Sharif isn't working. He receives a $150 monthly pension from the Agricultural Engineering Association, to which he paid dues for many years. A family friend is looking after the flag business back in Houston, but it is no longer profitable, having fallen into the red while Sharif was in prison. Because it's failing, it's hard to sell. The Kesbehs' friends held a garage sale for them, unloading the things they left behind in their Houston home, but it only brought in around $1,000. The home itself was a rental. The family, then, is living largely on the 400 J.D. that Noor and Sondos bring in each month.
Much more than that is needed to send Afnan, Batool, Muhannad and Hadeel to the Abdul Hamid Sharaf school, a private, K-12 English-language academy that costs 2,700 J.D., or $3,800 a year, for each of them. According to principal Sue Dahdah, there's been an influx of new students this year coming from the United States -- enrollment is up 10 percent. She suspects many of them are deportees like the Kesbehs, though most would rather not admit it. There's a stigma, after all, to being thrown out of America.
The kids complain about the school -- the teachers, say Hadeel, spend the whole class writing notes on the board, which students are supposed to copy down verbatim. But Abdul Hamid Sharaf also may be their last hope for the futures they once imagined for themselves. "Mo, he is in 10th grade," Sharif says of his younger son. "He studies Arabic at a 2nd grade level. If he has to go to Arabic school, he is going to be 27 years old when he finishes high school."
This year's tuition, though, still hasn't been paid. "We keep telling them, 'next month, next month,'" says Sharif.
Across town, a visit with the Abu-Shabayeks offers a glimpse of what may await the Kesbeh kids if they're forced to leave private school. The Abu-Shabayeks can't afford to send any of their children to English academies. Thus their two eldest aren't going to school at all.
Seventeen-year-old Hanan Abu-Shabayek, a Jordanian citizen like her 18-year-old brother, Hassan, finished 9th grade in Raleigh. She maintained an average in the 90s, and dreamed of going to Duke or Chapel Hill. "Being a lawyer, that's what I wanted the most," she says.
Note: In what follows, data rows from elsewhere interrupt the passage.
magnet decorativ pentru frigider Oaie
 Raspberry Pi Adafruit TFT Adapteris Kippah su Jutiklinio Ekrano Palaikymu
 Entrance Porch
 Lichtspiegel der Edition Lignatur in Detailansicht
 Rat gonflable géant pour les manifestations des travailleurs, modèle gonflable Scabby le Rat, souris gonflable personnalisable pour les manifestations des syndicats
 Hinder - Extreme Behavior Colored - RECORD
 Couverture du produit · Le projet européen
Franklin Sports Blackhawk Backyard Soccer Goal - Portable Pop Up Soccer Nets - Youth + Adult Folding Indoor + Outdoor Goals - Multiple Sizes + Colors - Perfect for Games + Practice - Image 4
Hanan is sitting in her family's living room, near a small space heater -- spring in Amman can be quite cold. Her mother, face drawn and thin, sits next to her, beneath a framed picture of Mecca on a cracking white wall. The family's four youngest boys sprawl on a cheap rug with tigers printed on it and watch a disaster movie on TV -- the Abu-Shabayeks treasure Channel 2, the American station, which Hanan says they leave on "24/7."
"I'm supposed to be in school right now," Hanan says. "But I didn't know the Arabic. Over here, if you don't know the Arabic, they can't help you."
Hassan had the same problem. Both of them dropped out. The younger kids have stayed in school, but they're miserable, especially about their teachers' liberal use of corporal punishment.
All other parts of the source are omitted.